'Robust enforcement of rules' can mend battered reputation
IRELAND'S reputation has been damaged and the country must let the rest of the world know that it will have best-practice regulation with robust enforcement, a leading international consultant has said.
Anne Molyneaux, director of CS International, told an Irish Stock Exchange (ISE) meeting on corporate governance that reputation was an issue even for the US after the global crash.
"People do not trust US companies anymore. But the US is acting to deal with this, with new rules and implementation of those rules," she said.
Tanaiste Mary Coughlan told the conference it was necessary to distinguish between the banking sector and the rest of corporate Ireland.
"It is wrong to blacken, here and abroad, the reputation of all our companies because of serious failures in a particular sector," she said.
There was no such thing as a "light touch" regulatory regime for Irish companies, but we should "think long and hard" before extending the power of the State into the affairs of private sector enterprise where it has no prior property rights, Ms Coughlan said.
ISE chairman Padraic O'Connor said the Exchange's reputation has been damaged when some companies deviated from the principles of the code on corporate governance.
"However, responsibility for corporate governance issues is not solely down to publicly listed firms and the Government must lead by example in ensuring that public sector companies practiced the highest standards," he said.

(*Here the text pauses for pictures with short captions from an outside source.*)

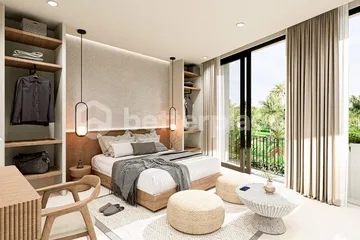 High-Value Investment : Stylish & Compact Villa with Rice Field Views in Bali’s Booming Pererenan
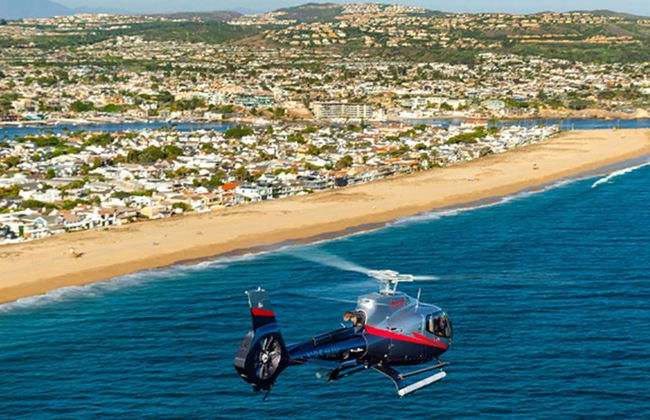 Paseo en helicóptero por Los Ángeles desde Long Beach - Foto 8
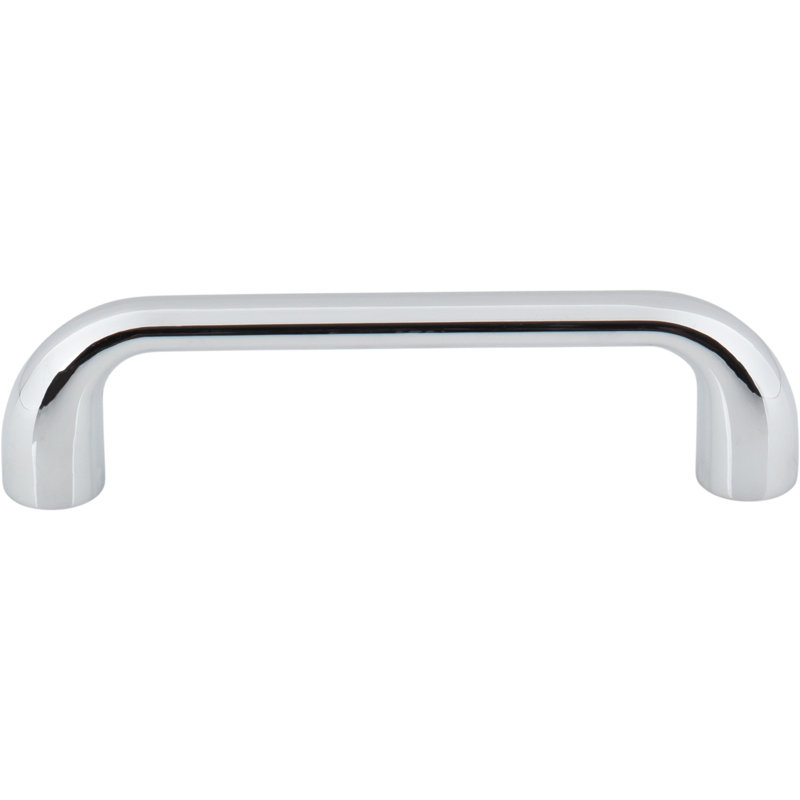 Loxley Bar Pull, Polished Chrome`, 3 3/4"
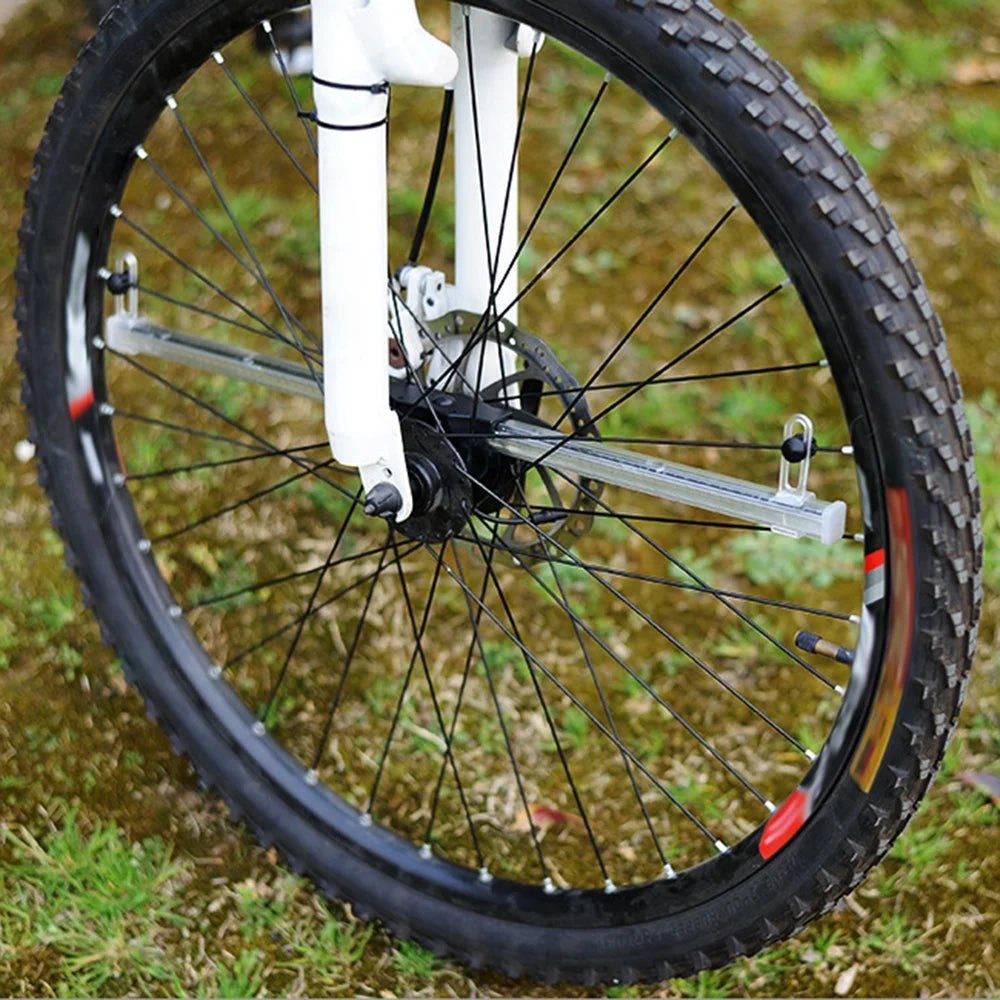 Rechargeable 64 LEDs Bike Spoke Wheel Lamp G5003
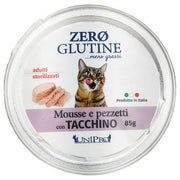 Unipro Zero Glutine Gatto Con Tacchino 85g
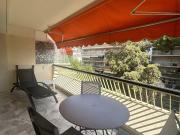 CANNES ARRIERE MARTINEZ 2 PIECES TERRASSE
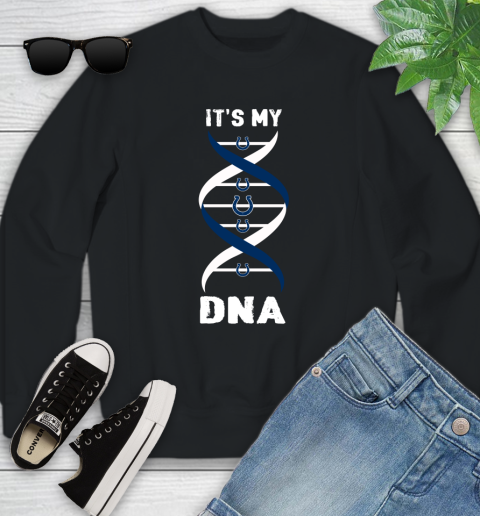 Indianapolis Colts NFL Football It's My DNA Sports Youth Sweatshirt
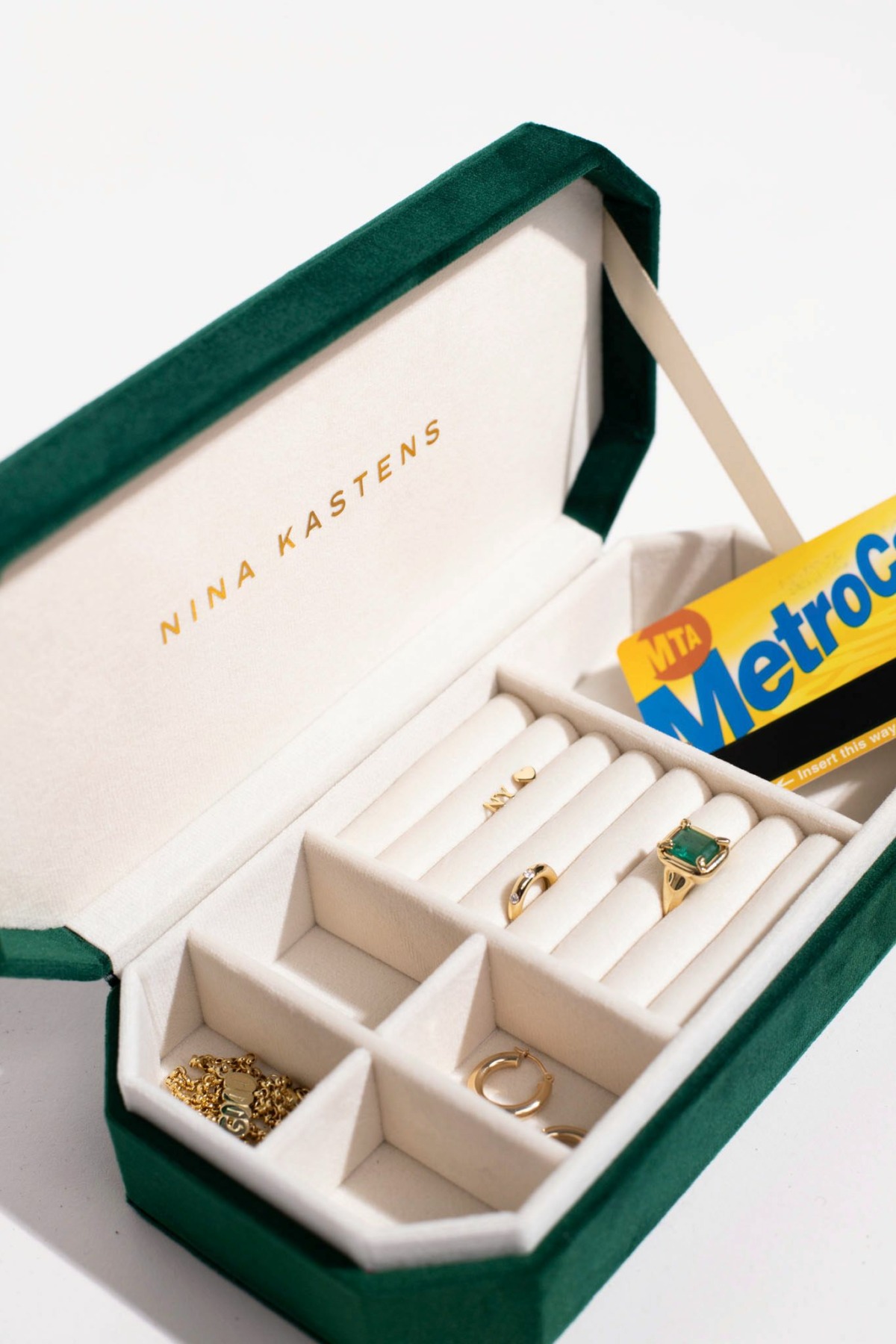 Nina Kastens Have A Nice Day Jewelry Box Green Neueste Mode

ISE chief executive Deirdre Somers said it could not have done much more with regard to Anglo Irish Bank because of its limited regulatory role.

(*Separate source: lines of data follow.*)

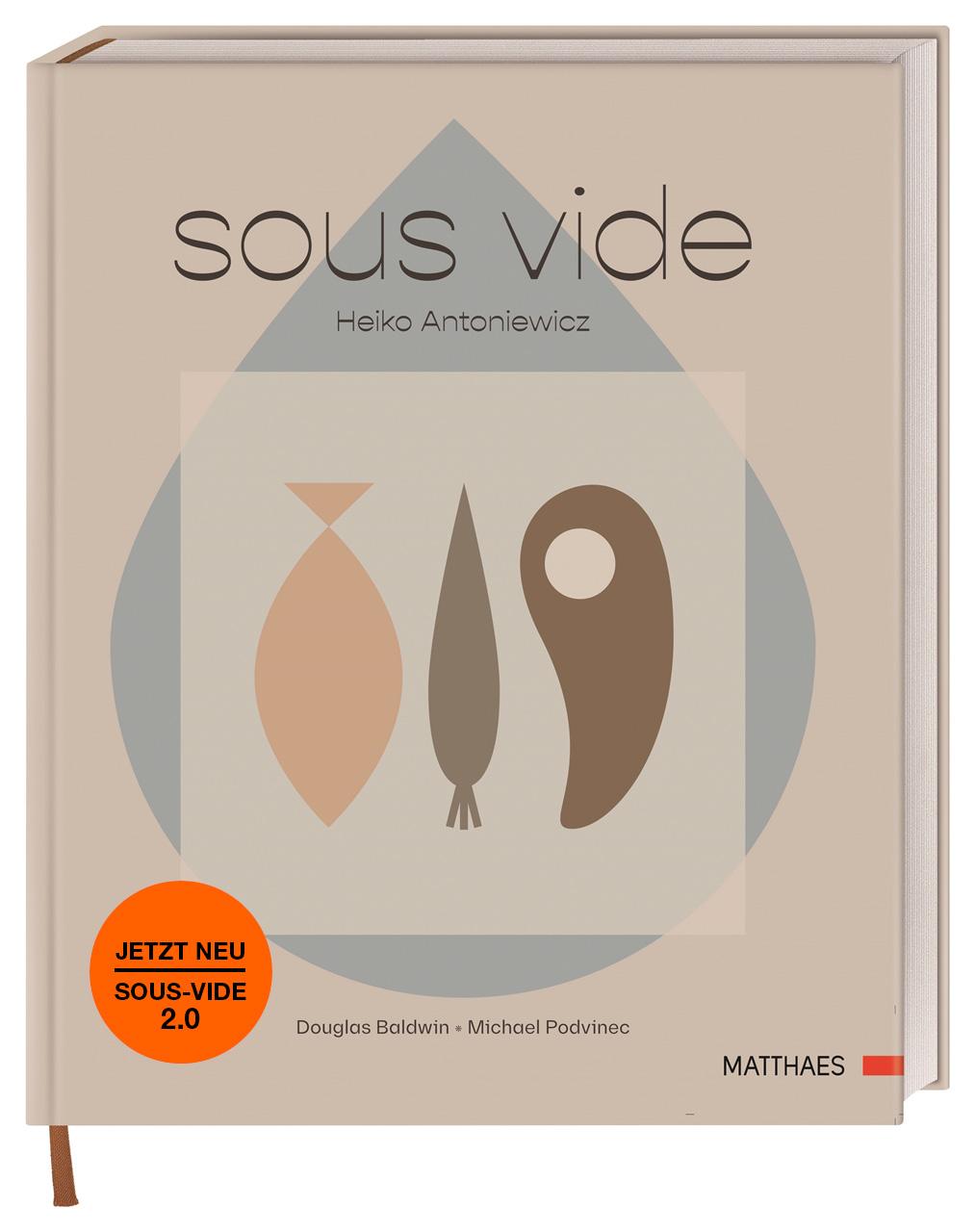 Vorderes Coverbild Sous vide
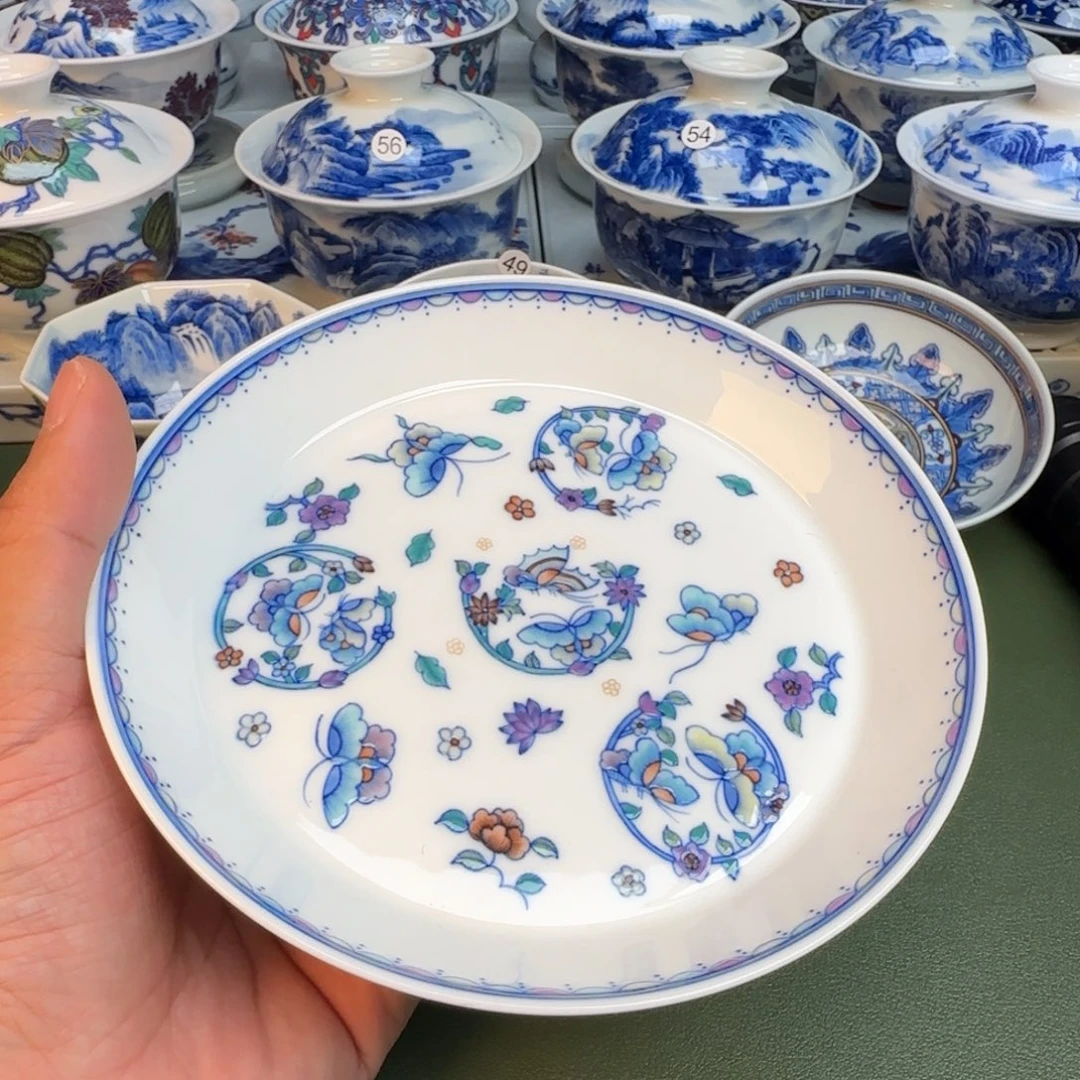 纯手工纯手绘茶具61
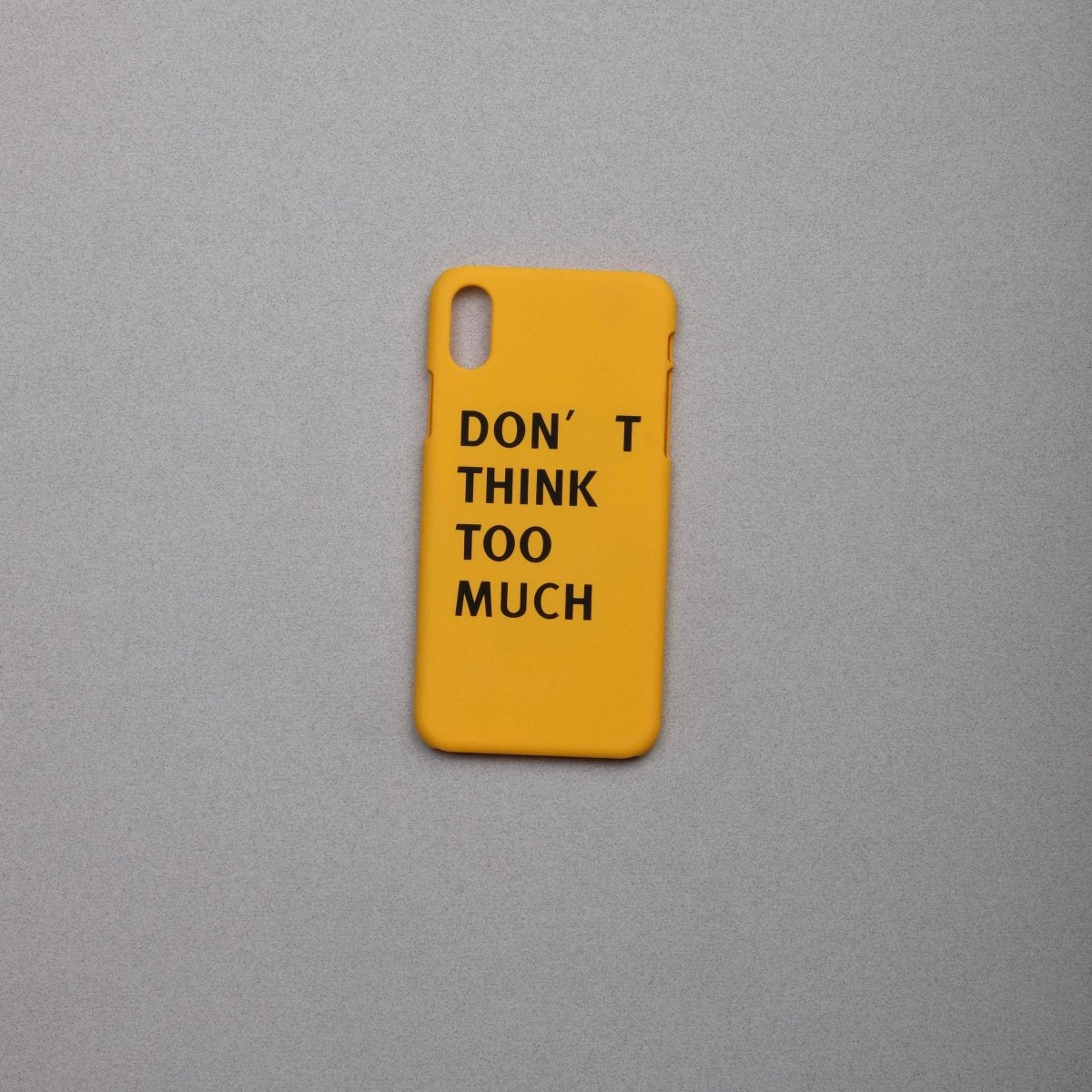 iPhone X/XS Essential Telefon Kılıfı OUTLET - SUMTHINCS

However, the dual role of chairman and chief executive was a breach of the code, and Ireland must learn the lessons of recent corporate governance failures.
Prof Niamh Brennan of the Centre for Corporate Governance at UCD, said standards at public bodies and companies should be higher than those of listed companies, because taxpayers cannot sell their "shares".
Fine Gael enterprise spokesman Leo Varadkar TD told the conference the reputational damage to Ireland does not have to be lasting.
"It is up to us to put our house in order, to do it quickly and to show the world that Ireland is second to none when it comes to governance, ethics and open government," Mr Varadkar said.
Labour spokesperson Joan Burton TD said she had the impression that the financial regulators sometimes did not feel powerful enough to question the chief executives of mighty banks about what they were doing.